TO P.E.O. EMPLOYEES FOR SINGLE BROKER/LENDER

Senate Bill 540

Sponsor:  Sen. Alan Sanborn

House Committee:  Banking and Financial Services

Senate Committee:  Banking and Financial Institutions

Complete to 7-11-05

A SUMMARY OF SENATE BILL 540 AS PASSED BY THE SENATE 6-29-05

The Mortgage Brokers, Lenders, and Servicers Licensing Act (MCL 445.1652) prohibits a person from acting as a mortgage broker, lender, or servicer without first obtaining a license or registering under the act.  The act contains several exceptions, including when a person is solely performing services as an employee of only one mortgage broker, lender, or servicer; a person is a class I licensee under the Consumer Financial Services Act; or the act specifically exempts the person from licensure or registration.  Senate Bill 540 would also exempt an individual who was an employee of a professional employer organization (PEO) solely acting as a residential mortgage originator of only one mortgage broker or lender.  The bill specifies that the mortgage broker or lender would have to direct and control the activities of the individual and be responsible for all of the individual's activities and assume responsibility for the individual's actions covered by the proof of financial responsibility deposit required under the act.

[Note:  Professional Employer Organization" would mean that term as defined in the Single Business Tax Act (MCL 208.4) — an organization that provides the management and administration of the human resources and employer risk of another entity by contractually assuming substantial employer rights, responsibilities, and risk through a professional employer agreement that establishes an employer relationship with the leased officers or employees assigned to the other entity by doing all of the following: maintaining the right of direction and control of employees' work, although this responsibility may be shared with the other entity; paying the employees' wages and employment taxes out of its own accounts; reporting, collecting, and depositing state and federal employment taxes for the employees; and retaining the right to hire and fire employees.]

           

FISCAL IMPACT:

The bill would have no fiscal impact on state or local government.
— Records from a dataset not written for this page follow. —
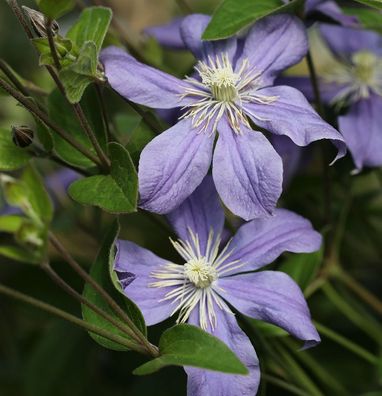 Staudenclematis Arabella 60-80cm - Clematis integrifolia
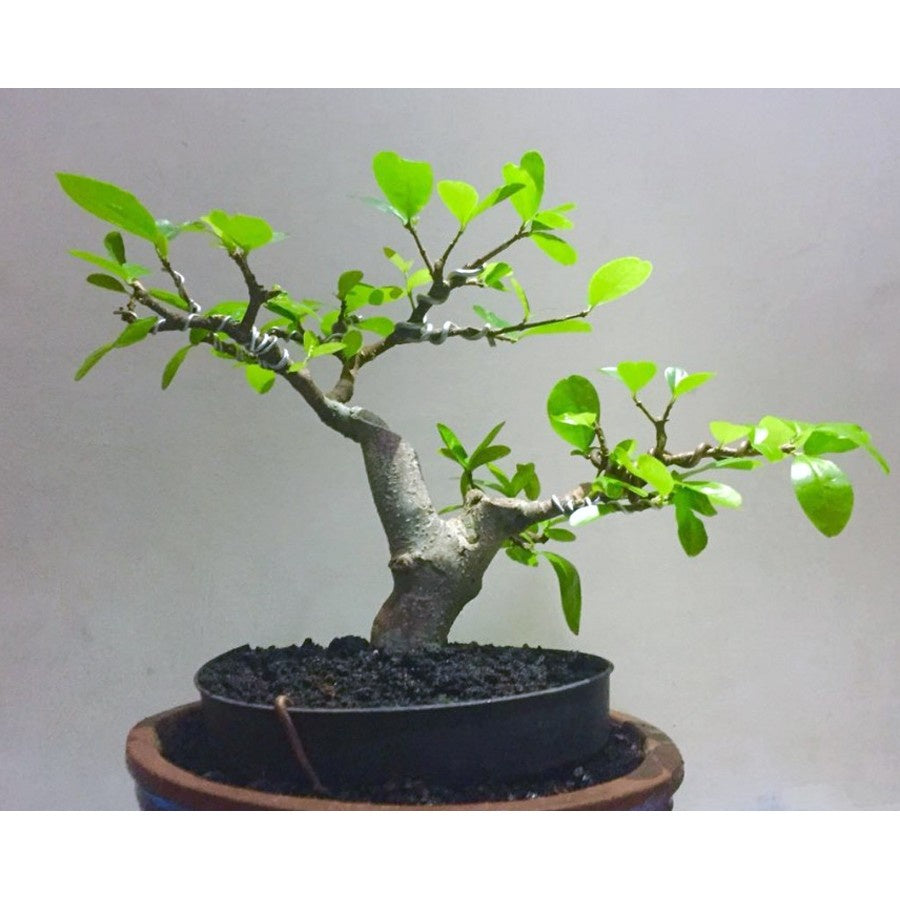 Bonsai Bonsae Sianci Aserola Ceri Barbados Cherry 001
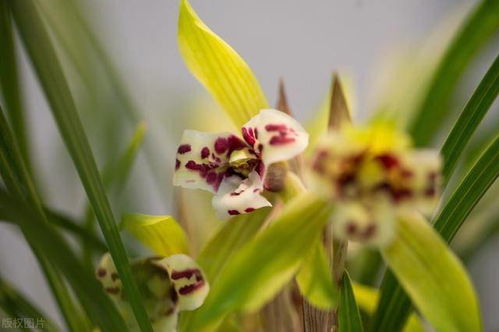 兰花催花技巧， 自己养的兰花也Neng开花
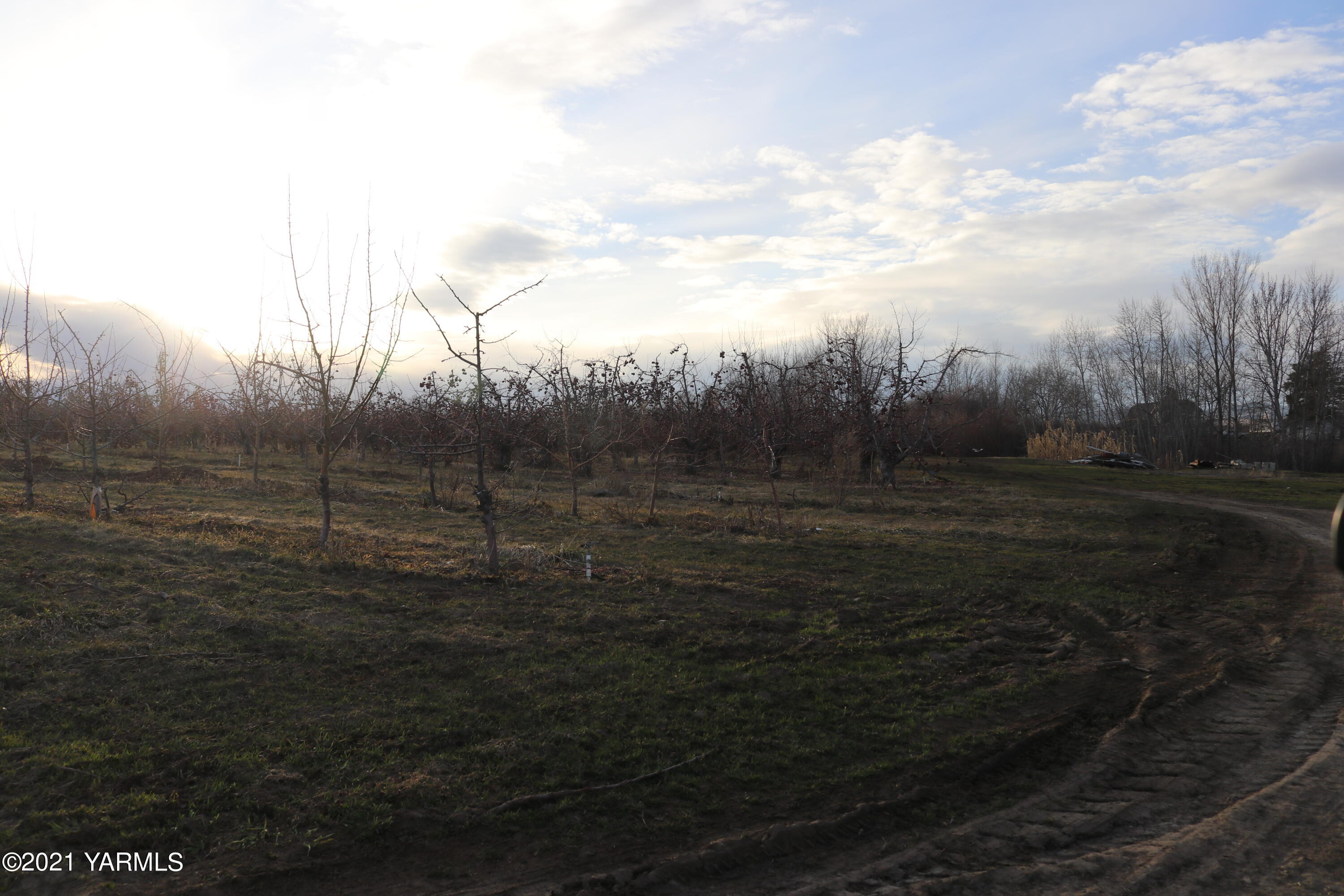 Nka Nka Nelson Road, Unit 1 Yakima, WA 98903 - Photo 1 of 36 a view of a yard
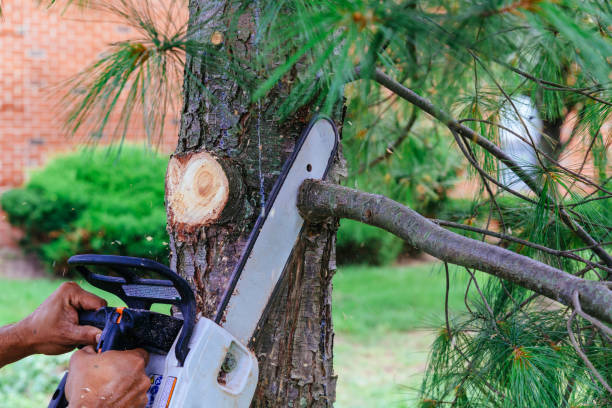  Essex Fells, NJ Tree Services Pros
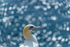 Gannet at Saltee Island in County Wexford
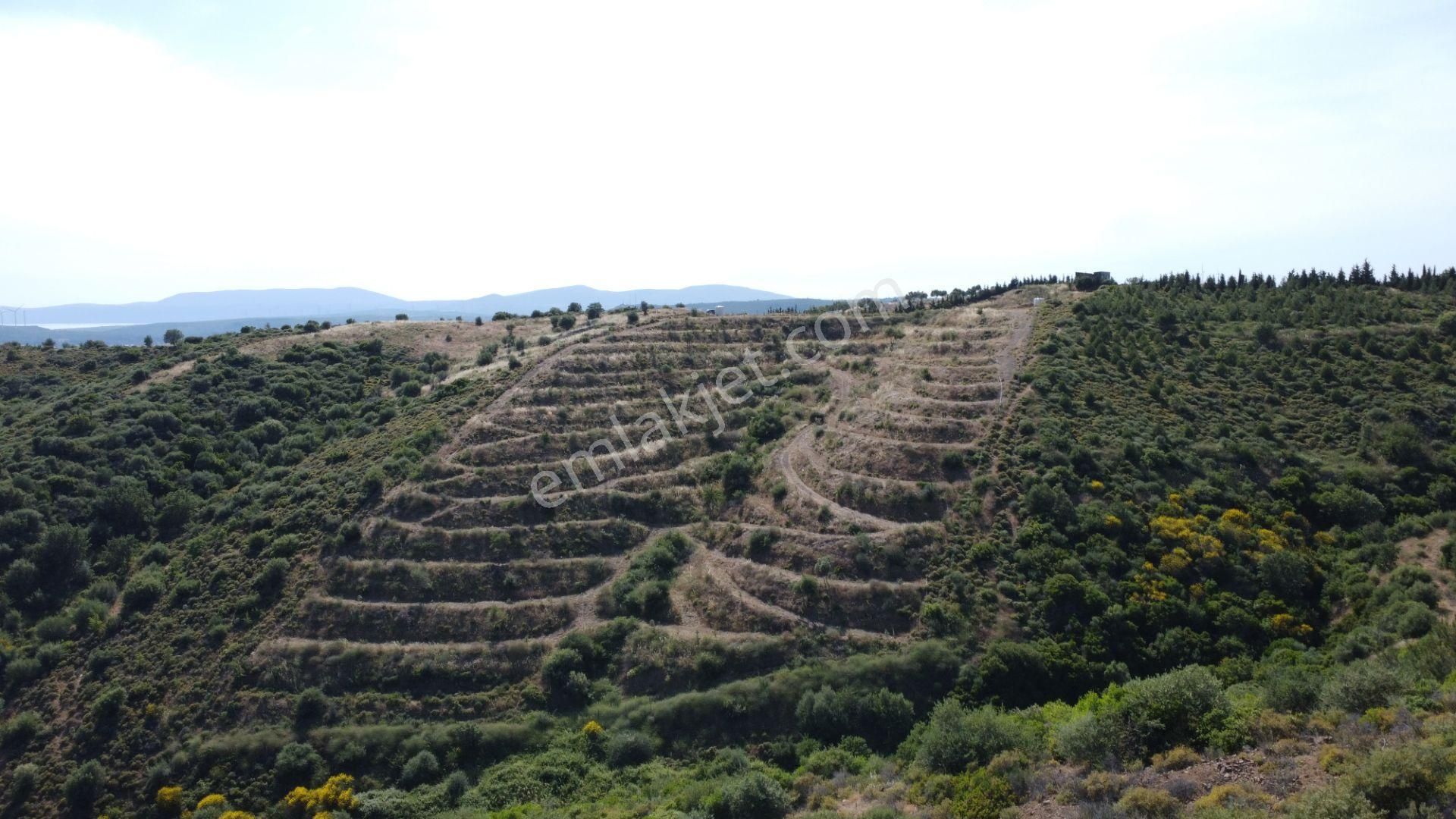 Urla Bademler'de Kadastral Yola Cepheli 14.988 M2 Zeytinlik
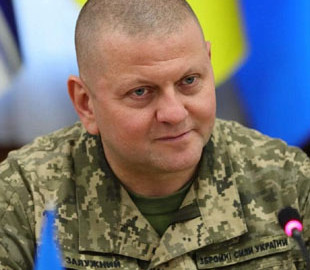 Залужний запропонував Міноборони дозволити виїзд за кордон тим, хто не підлягає мобілізації — нардепка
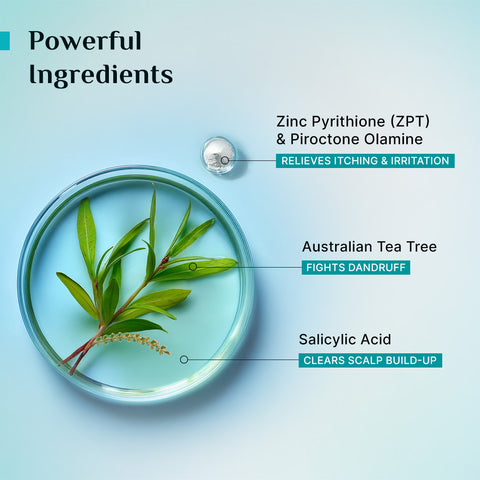 Pilgrim Australian Tea Tree Anti-Dandruff Conditioner 200ml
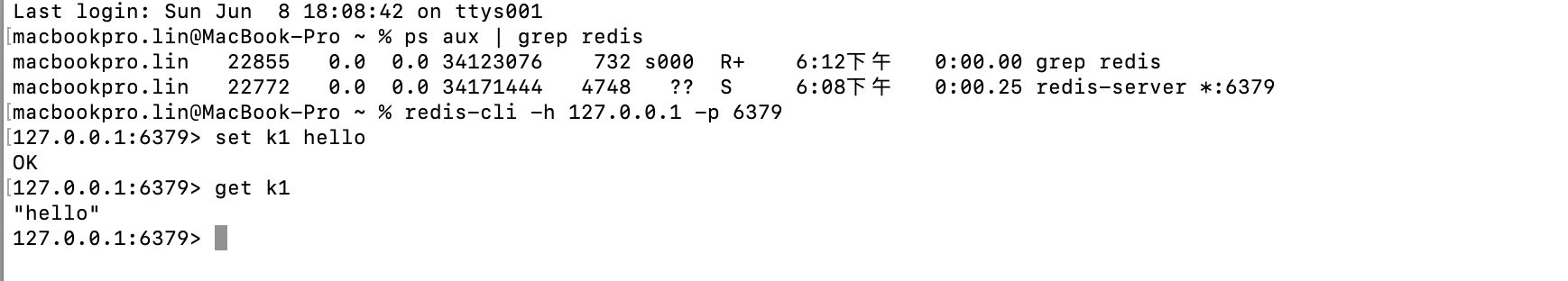 MacBook 苹果笔记本电脑安装redis保姆级教程（超详细带图文）_mac 安装redis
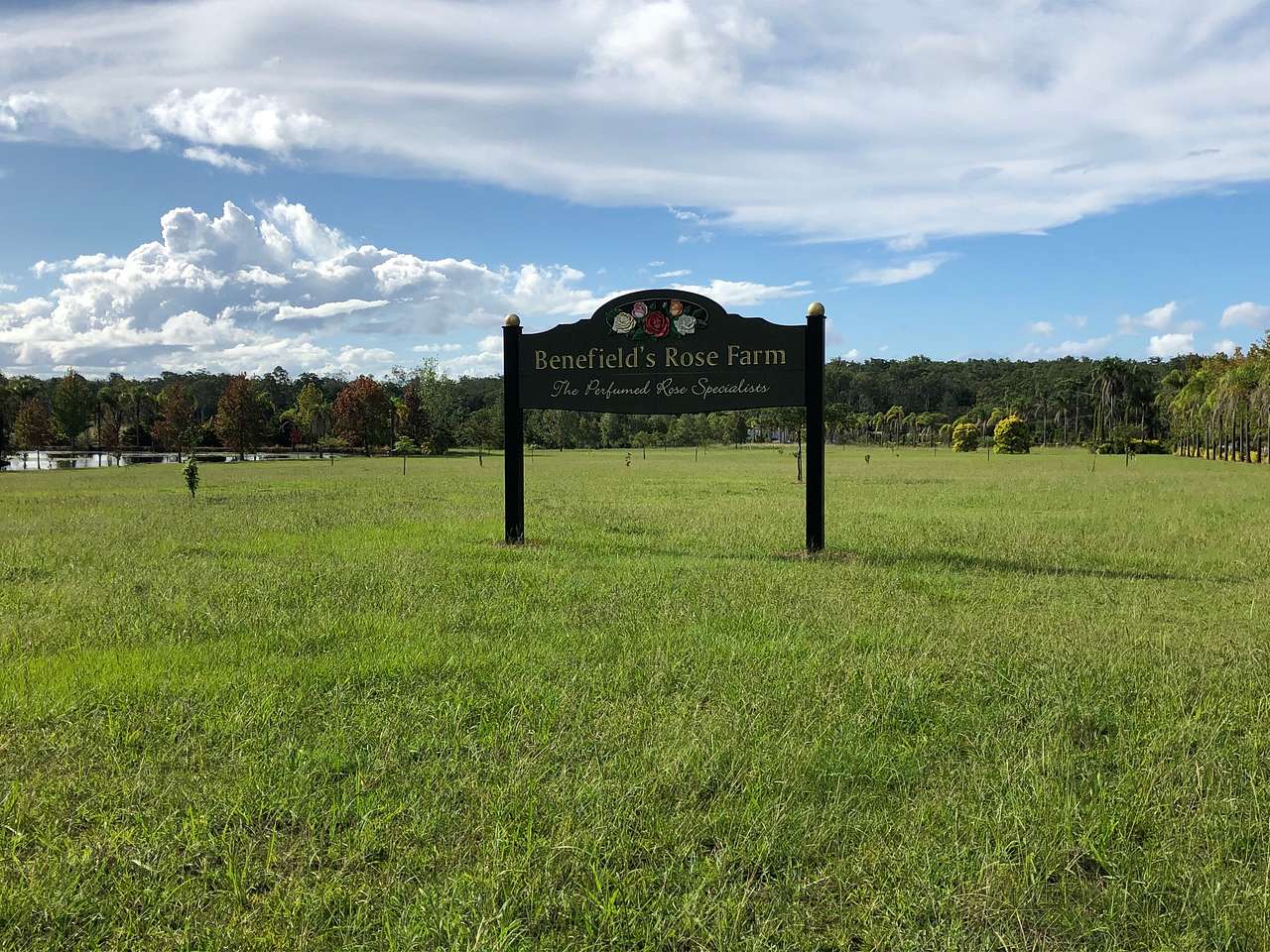 Wide open spaces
                                                                                           Legislative Analyst:   E. Best

                                                                                                  Fiscal Analyst:   Richard Child

This analysis was prepared by nonpartisan House staff for use by House members in their deliberations, and does not constitute an official statement of legislative intent.